WORK TO COMPLETE:
Nothing but the lines from the one containing "Sony Cyber-shot DSC-W350" through the last line of the records belongs in the answer, copied exactly and with the pictures left out.

PROVIDED MATERIAL:
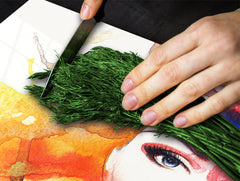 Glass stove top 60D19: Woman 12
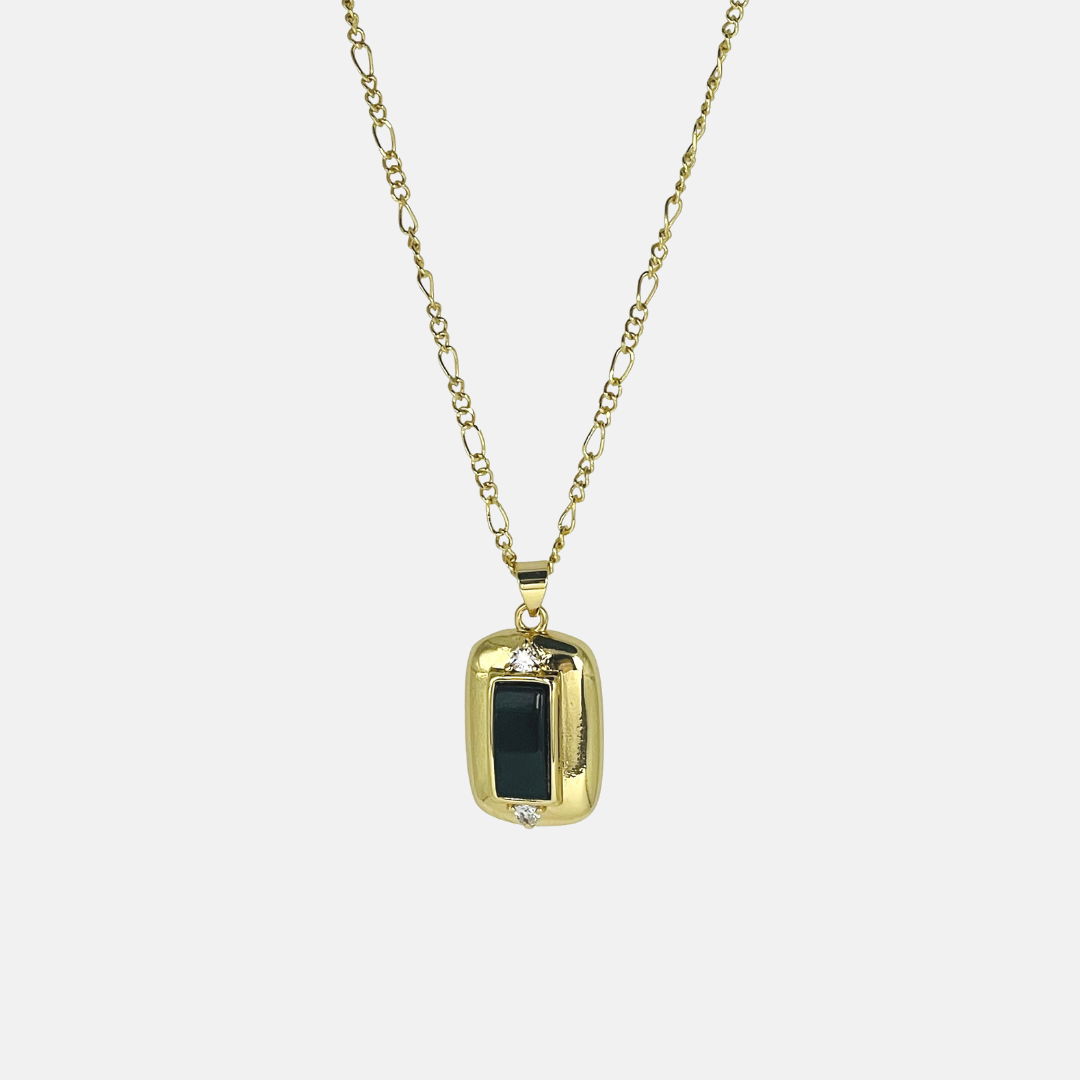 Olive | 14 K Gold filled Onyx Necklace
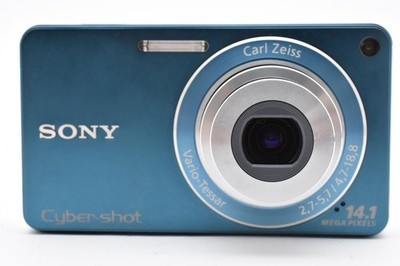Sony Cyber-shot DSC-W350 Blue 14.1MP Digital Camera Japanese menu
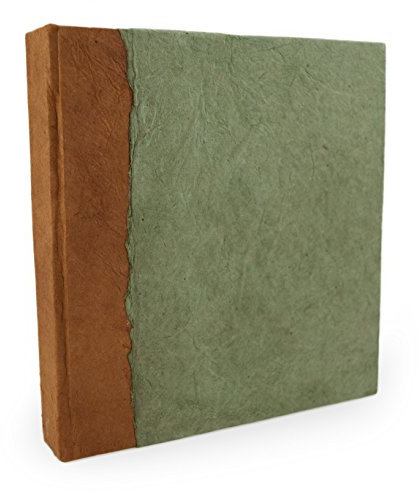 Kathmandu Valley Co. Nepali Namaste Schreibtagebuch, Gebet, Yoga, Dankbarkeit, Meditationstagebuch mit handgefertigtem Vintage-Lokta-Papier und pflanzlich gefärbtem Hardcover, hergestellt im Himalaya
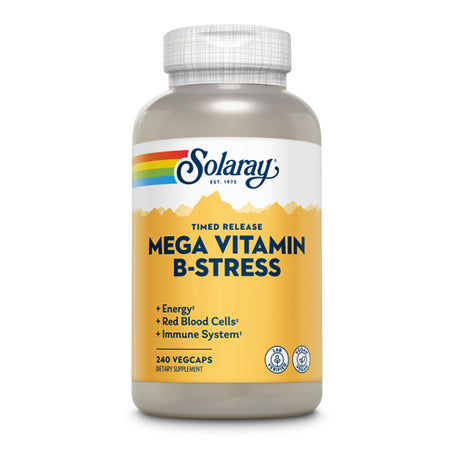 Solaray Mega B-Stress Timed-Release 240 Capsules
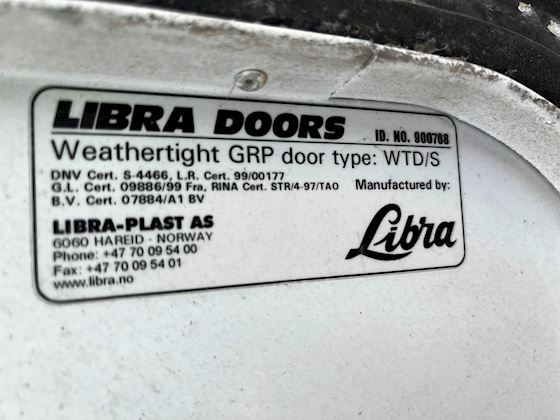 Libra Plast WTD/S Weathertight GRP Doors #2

YOUR RESPONSE:
Sony Cyber-shot DSC-W350 Blue 14.1MP Digital Camera Japanese menu
 Kathmandu Valley Co. Nepali Namaste Schreibtagebuch, Gebet, Yoga, Dankbarkeit, Meditationstagebuch mit handgefertigtem Vintage-Lokta-Papier und pflanzlich gefärbtem Hardcover, hergestellt im Himalaya
 Solaray Mega B-Stress Timed-Release 240 Capsules
 Libra Plast WTD/S Weathertight GRP Doors #2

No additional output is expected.